## DATA RECORDS
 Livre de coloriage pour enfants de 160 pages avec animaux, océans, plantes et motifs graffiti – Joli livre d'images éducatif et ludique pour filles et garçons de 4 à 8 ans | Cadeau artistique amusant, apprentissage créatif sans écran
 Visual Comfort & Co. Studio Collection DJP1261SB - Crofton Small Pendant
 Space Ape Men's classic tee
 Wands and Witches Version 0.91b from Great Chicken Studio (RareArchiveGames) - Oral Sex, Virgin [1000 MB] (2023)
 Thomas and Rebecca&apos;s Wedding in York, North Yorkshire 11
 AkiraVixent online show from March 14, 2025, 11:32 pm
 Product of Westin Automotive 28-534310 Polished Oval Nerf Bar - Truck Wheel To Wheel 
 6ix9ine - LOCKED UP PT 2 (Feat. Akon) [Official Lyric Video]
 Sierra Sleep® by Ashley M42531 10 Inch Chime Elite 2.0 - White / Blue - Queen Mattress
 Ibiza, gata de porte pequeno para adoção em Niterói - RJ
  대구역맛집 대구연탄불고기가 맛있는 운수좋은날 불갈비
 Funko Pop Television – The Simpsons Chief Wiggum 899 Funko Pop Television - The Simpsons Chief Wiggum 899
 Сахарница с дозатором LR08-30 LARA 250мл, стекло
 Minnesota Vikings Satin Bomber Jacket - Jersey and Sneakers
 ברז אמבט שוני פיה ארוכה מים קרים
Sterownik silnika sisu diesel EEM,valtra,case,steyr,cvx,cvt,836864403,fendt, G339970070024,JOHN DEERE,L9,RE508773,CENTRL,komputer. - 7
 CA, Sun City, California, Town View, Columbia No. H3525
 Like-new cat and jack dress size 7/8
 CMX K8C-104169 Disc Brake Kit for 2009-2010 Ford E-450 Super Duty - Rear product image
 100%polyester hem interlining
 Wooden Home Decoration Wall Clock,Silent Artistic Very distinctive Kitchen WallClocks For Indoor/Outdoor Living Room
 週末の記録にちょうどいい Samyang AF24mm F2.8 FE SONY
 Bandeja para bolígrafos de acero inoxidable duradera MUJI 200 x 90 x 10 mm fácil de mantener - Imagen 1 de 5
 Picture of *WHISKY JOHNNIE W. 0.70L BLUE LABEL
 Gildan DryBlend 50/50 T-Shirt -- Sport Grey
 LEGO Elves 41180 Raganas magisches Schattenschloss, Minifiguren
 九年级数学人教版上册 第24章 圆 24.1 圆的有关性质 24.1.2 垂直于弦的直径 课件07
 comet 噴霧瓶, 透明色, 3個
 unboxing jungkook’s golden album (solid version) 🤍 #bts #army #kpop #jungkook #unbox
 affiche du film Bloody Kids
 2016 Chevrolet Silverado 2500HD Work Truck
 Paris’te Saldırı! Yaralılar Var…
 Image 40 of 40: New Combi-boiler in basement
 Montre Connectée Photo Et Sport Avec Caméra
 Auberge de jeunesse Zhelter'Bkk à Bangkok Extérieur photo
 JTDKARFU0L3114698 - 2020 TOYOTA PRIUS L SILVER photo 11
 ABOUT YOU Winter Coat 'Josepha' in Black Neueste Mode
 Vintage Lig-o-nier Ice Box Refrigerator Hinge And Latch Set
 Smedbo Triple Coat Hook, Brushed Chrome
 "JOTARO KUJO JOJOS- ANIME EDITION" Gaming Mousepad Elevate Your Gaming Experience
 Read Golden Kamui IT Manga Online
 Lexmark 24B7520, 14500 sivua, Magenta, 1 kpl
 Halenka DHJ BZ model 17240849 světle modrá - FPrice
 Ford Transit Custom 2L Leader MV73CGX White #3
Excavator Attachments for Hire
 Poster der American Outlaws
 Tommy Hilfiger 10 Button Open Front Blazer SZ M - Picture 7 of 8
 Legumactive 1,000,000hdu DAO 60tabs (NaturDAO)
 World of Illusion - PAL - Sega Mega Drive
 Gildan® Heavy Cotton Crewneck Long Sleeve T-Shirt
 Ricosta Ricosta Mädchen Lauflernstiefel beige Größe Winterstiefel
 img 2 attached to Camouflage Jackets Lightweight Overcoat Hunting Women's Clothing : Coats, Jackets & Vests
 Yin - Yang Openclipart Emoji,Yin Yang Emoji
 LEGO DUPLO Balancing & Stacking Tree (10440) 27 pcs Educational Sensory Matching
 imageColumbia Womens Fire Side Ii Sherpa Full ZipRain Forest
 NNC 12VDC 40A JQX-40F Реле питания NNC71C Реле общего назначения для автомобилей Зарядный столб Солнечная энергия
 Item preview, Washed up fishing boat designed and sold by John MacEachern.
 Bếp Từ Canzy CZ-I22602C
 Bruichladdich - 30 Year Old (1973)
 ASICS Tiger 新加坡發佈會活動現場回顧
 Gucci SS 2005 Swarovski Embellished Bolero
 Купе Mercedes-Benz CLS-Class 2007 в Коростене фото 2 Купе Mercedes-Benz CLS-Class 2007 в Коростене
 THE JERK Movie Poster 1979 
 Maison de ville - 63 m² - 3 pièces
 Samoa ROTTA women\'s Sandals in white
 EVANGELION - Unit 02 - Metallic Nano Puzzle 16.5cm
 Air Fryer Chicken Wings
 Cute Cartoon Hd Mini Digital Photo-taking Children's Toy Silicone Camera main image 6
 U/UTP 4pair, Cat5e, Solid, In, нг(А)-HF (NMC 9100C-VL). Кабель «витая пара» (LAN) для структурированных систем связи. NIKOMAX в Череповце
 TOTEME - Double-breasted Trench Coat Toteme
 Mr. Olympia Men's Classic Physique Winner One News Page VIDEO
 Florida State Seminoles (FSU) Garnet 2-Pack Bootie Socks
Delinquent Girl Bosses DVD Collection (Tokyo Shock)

## WHAT YOU ARE ASKED TO DO
One stretch of the lines above is wanted, from the line that contains "Bruichladdich - 30 Year Old (1973)" through the line that contains "U/UTP 4pair, Cat5e, Solid, In, нг(А)-HF". Output it exactly.

## OUTPUT
 Bruichladdich - 30 Year Old (1973)
 ASICS Tiger 新加坡發佈會活動現場回顧
 Gucci SS 2005 Swarovski Embellished Bolero
 Купе Mercedes-Benz CLS-Class 2007 в Коростене фото 2 Купе Mercedes-Benz CLS-Class 2007 в Коростене
 THE JERK Movie Poster 1979 
 Maison de ville - 63 m² - 3 pièces
 Samoa ROTTA women\'s Sandals in white
 EVANGELION - Unit 02 - Metallic Nano Puzzle 16.5cm
 Air Fryer Chicken Wings
 Cute Cartoon Hd Mini Digital Photo-taking Children's Toy Silicone Camera main image 6
 U/UTP 4pair, Cat5e, Solid, In, нг(А)-HF (NMC 9100C-VL). Кабель «витая пара» (LAN) для структурированных систем связи. NIKOMAX в Череповце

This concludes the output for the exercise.